Continuing to pay for life insurance when you have retired is like gambling on your death to benefit your family. But here is how the dice rolls…
I am a salaried professional,35 years old and looking for an online term plan for Rs 1 crore. Can you suggest the best option?
This rather common query on our Facebook profile triggered off a heated debate in our company. In the first instance we wrote back pointing out a couple of specific online term costing around Rs 10,700 for a term of 25 years.
The client thanked us but then asked us whether it would be advisable to go in for a 35-year plan (thus covering him till 70 years of age instead of till 60 years as suggested by us). Now here was an answer we thought we knew.
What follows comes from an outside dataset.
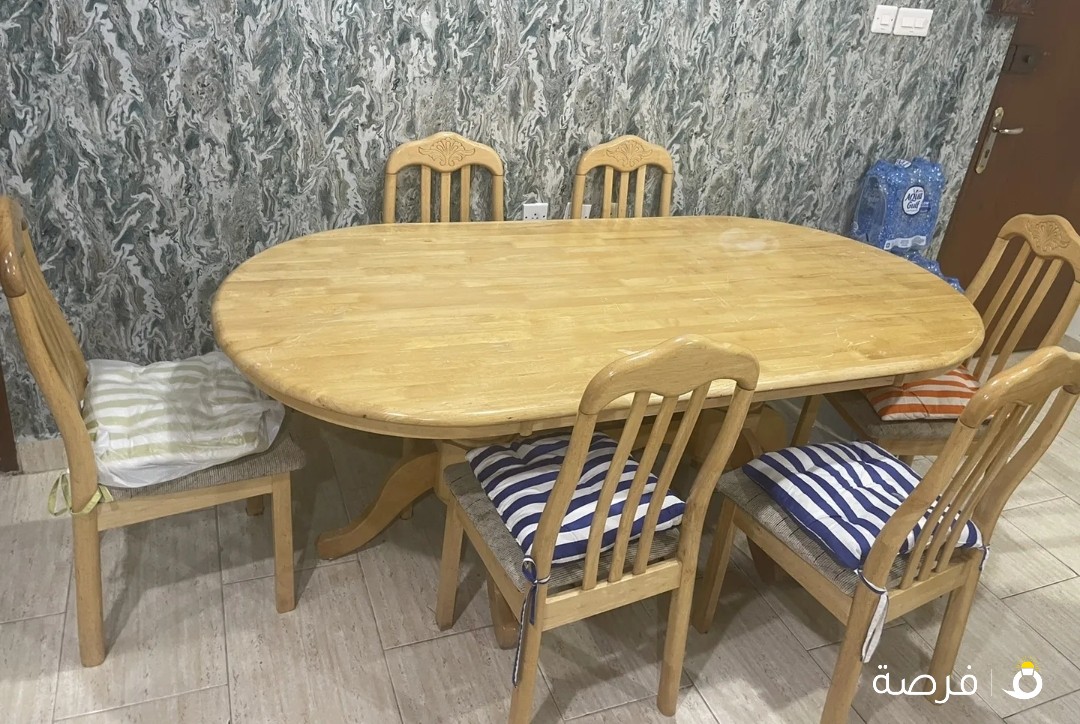 Dinning table for sale with 6 chairs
We wrote back saying that life insurance is supposed to be taken to protect your family in the event of loss of income due to untimely death. Since he was salaried and was slated to retire by 60 years and his salary would not continue beyond 60 years it would be a waste of money to continue the insurance plan beyond 60 years unless he was planning to continue working beyond 60 years.
In effect by continuing to pay the life insurance plan when you have no earned income is almost like gambling on your death to benefit your family, we told him. The gamble would also be expensive in the first 25 years since the premium on a 35-year plan is more expensive than a 25-year plan.
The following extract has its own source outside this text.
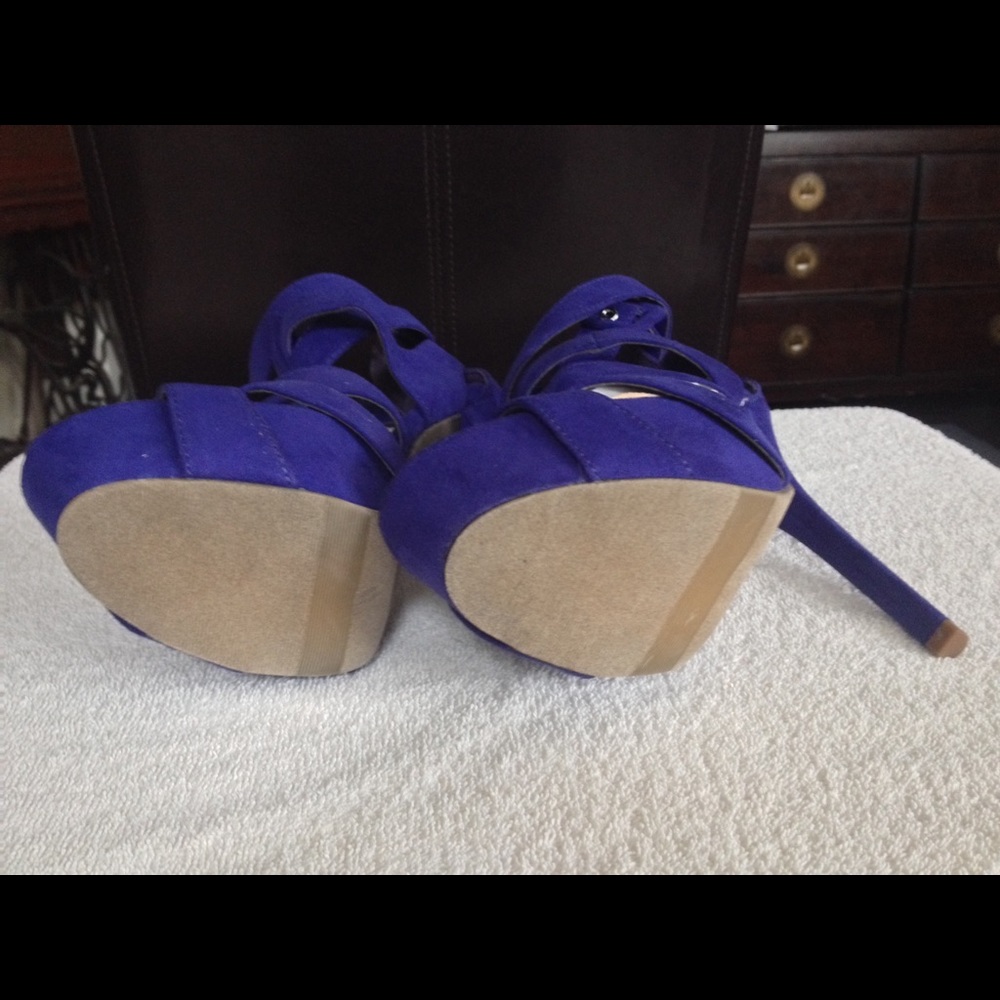 JustFab Pallina High Heels - Picture 6 of 8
That is when this well-informed consumer really jolted us out of our smugness. He wrote back saying he had no intention to work beyond 60 years and also agreeing that continuing to pay the life insurance premium after retirement is akin to gambling on his own death. But he pointed out that the cost of such a gamble was extremely low. The difference of premium between a 25-year plan and a 35-year plan was hardly Rs 350 annually which means that for the next 25 years he paid a total of Rs 9,000 extra for getting an option to continue to enjoy life insurance cover of Rs 1 crore even after he reached the retirement age. After retirement he had to pay a premium of Rs 11,000 per year to continue to enjoy life insurance (or to gamble on his death as we put it) for a 10-year period when the chances of death are much higher.
Given the low stake and high potential payout isnt this so called gamble worth taking, asked the informed consumer.
When we relooked at the numbers we could not help but agree. After all the only additional cost he was paying during the earning years was a small additional premium which gave him an option to take the gamble during the years in which he was most vulnerable to death. He also had the option of not taking the gamble by letting the policy lapse at that stage if,in his opinion,he could not afford the premium or was not likely to die during the 10 year period.
So,rather reluctantly,we had to concur with the informed consumer that he could opt for the 35-year term rather than the 25-year term. In fact,when we did the maths,we found out that the option price (additional premium payable during the earning years) ranges from a low of Rs 225 annually (for a 30 year old) to a high of Rs 19,000 annually (for a 55 year old).
This episode showed us how much we can learn from consumers who have a different way of looking at things beyond the formulas.
As far as consumers are concerned,currently it makes sense for them to buy this option to gamble on their deaths.
But what about the insurance company? In a mad rush to provide the cheapest term insurance policy,arent they seriously under pricing this option that they seem to be so willing to provide their consumers. I have not been able to get any satisfactory answers from the few insurance companies that I spoke to.
If this article ignites a debate on the desirability of the insurance company offering such an option it will be good from the point of view of healthy development of the life insurance industry,which is in the consumers interest.